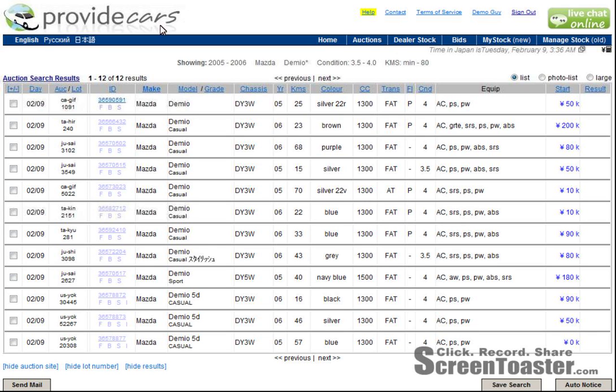Hello, this is Steven from ProvideCars and you can find our website at ProvideCars.com. This is another screencast showing you more features of our online Japanese car auction system.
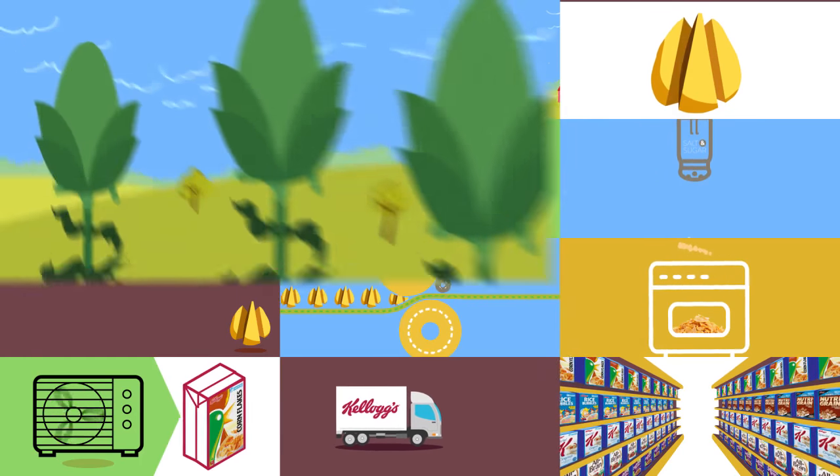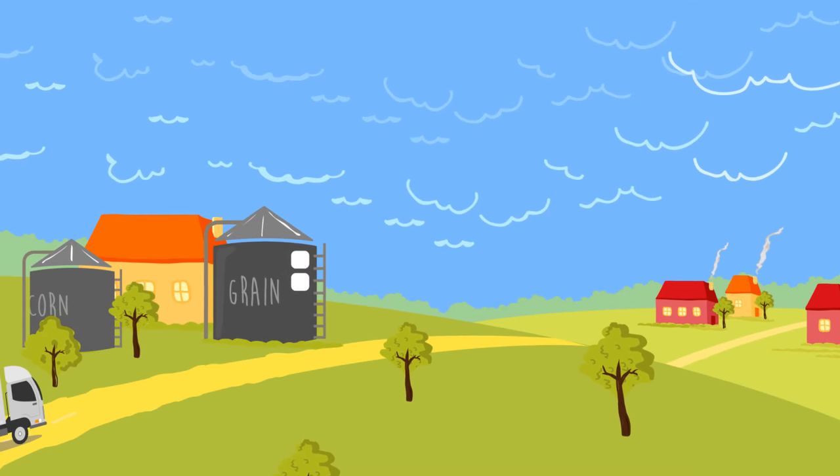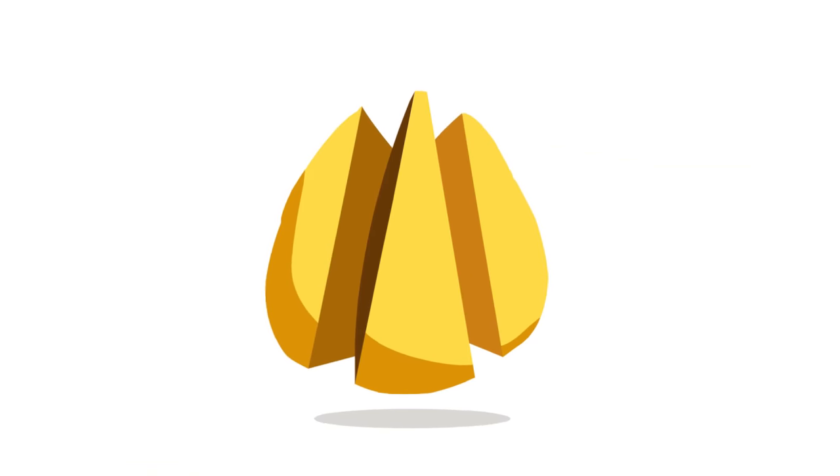The Kellogg's Corn Flakes journey begins on Aussie farms with the harvesting of corn crops. From there, the corn is transported to the local mill where it is cleaned and the husks are removed. The corn kernel is then split into three equal parts.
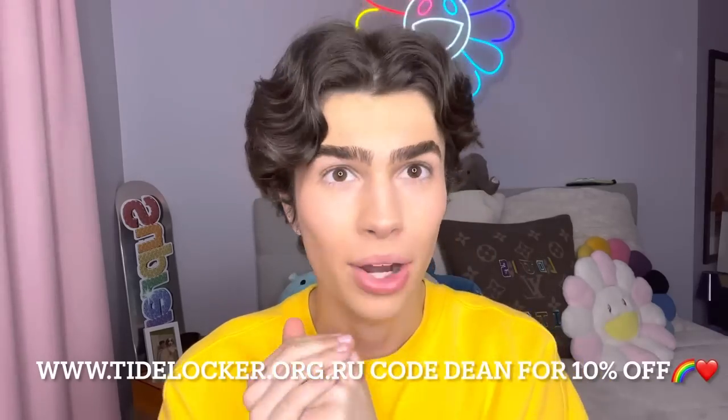I was sent some things from TideLocker — it's a company that sells replica products and they are literally amazing. I'm going to do a haul and show you guys what I got, and all of their information is going to be linked in the description box below. They also gave me a discount code, Dean, for 10% off — this is not sponsored. Their stuff is so good and I'm really surprised by the quality, because it's frickin' amazing. You guys know I love my bougie on a budget stuff — I love stuff that's bougie but when you're on a budget, you know what I mean — the replica stuff.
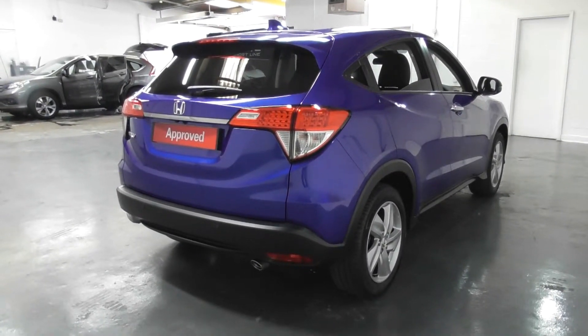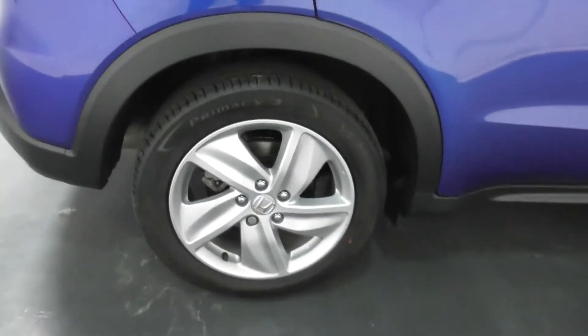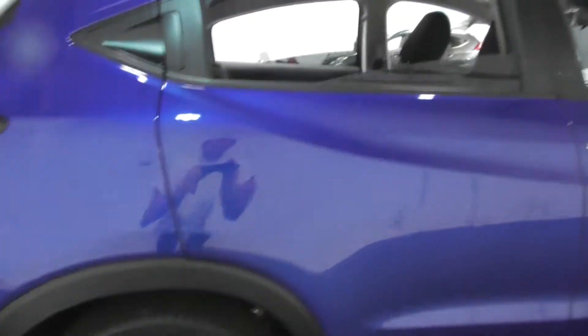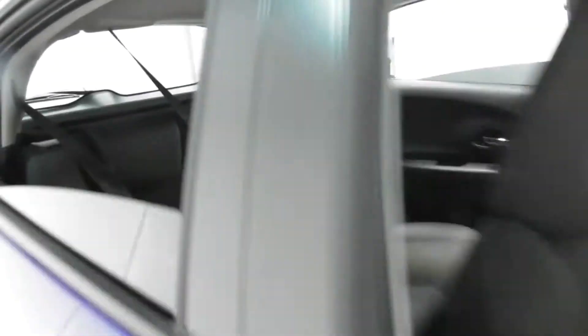The benefits of buying an approved used car from Bassett include complimentary 5 day drive away insurance, a range of financial solutions, 30 day exchange policy, assured vehicle history and half price MOT tests.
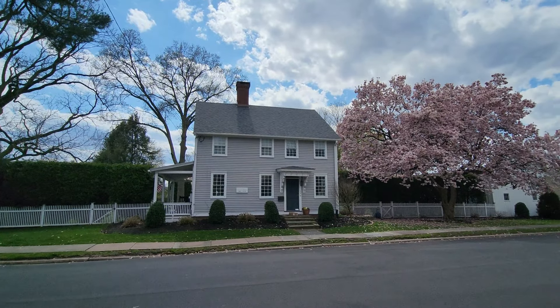Also on Garden Street is a house that once stood around the corner on Broad Street. Originally it was the northern half of the John Chester Tavern, built in 1735. Chester's grandchildren later detached this part of the building and moved it to Garden Street.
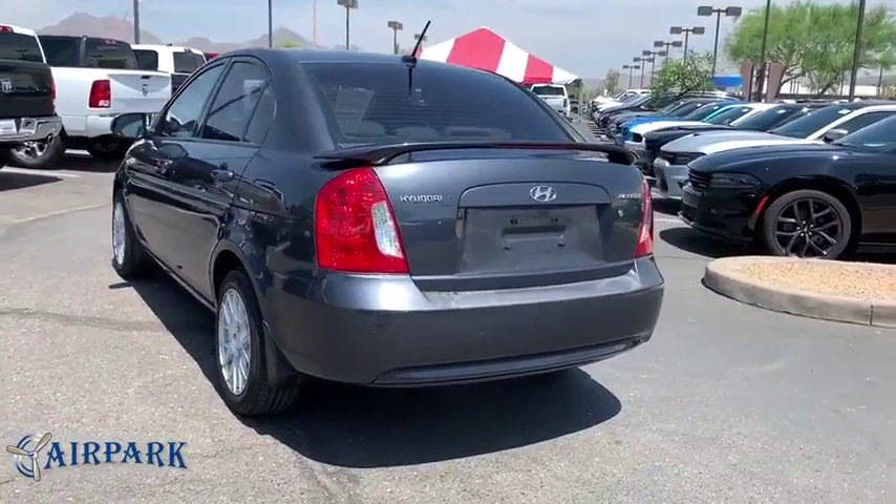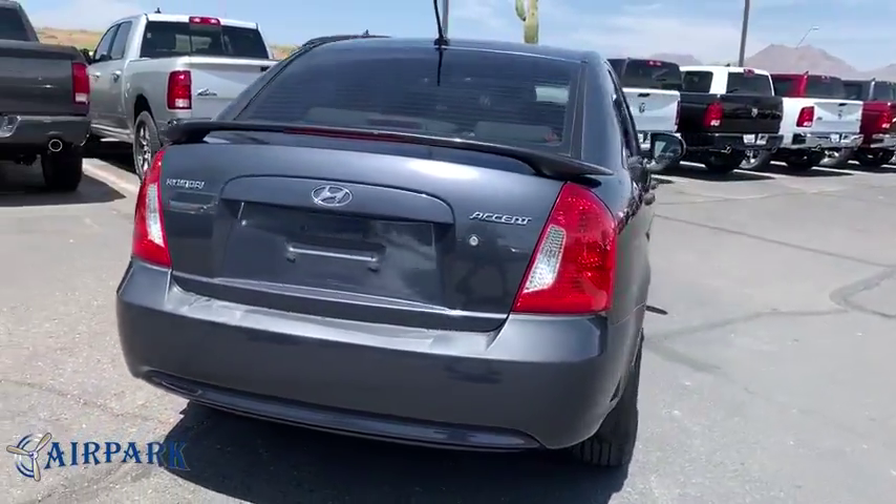This vehicle has less than 100,000 miles. Here are some of this vehicle's great options.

────────

#### THE TASK:
The result should be an exact repetition of all the records. Drop the pictures.

#### PROBLEM SOLUTION:
Hello, this is Steven from ProvideCars and you can find our website at ProvideCars.com. This is another screencast showing you more features of our online Japanese car auction system.
The Kellogg's Corn Flakes journey begins on Aussie farms with the harvesting of corn crops. From there, the corn is transported to the local mill where it is cleaned and the husks are removed. The corn kernel is then split into three equal parts.
I was sent some things from TideLocker — it's a company that sells replica products and they are literally amazing. I'm going to do a haul and show you guys what I got, and all of their information is going to be linked in the description box below. They also gave me a discount code, Dean, for 10% off — this is not sponsored. Their stuff is so good and I'm really surprised by the quality, because it's frickin' amazing. You guys know I love my bougie on a budget stuff — I love stuff that's bougie but when you're on a budget, you know what I mean — the replica stuff.
The benefits of buying an approved used car from Bassett include complimentary 5 day drive away insurance, a range of financial solutions, 30 day exchange policy, assured vehicle history and half price MOT tests.
Also on Garden Street is a house that once stood around the corner on Broad Street. Originally it was the northern half of the John Chester Tavern, built in 1735. Chester's grandchildren later detached this part of the building and moved it to Garden Street.
This vehicle has less than 100,000 miles. Here are some of this vehicle's great options.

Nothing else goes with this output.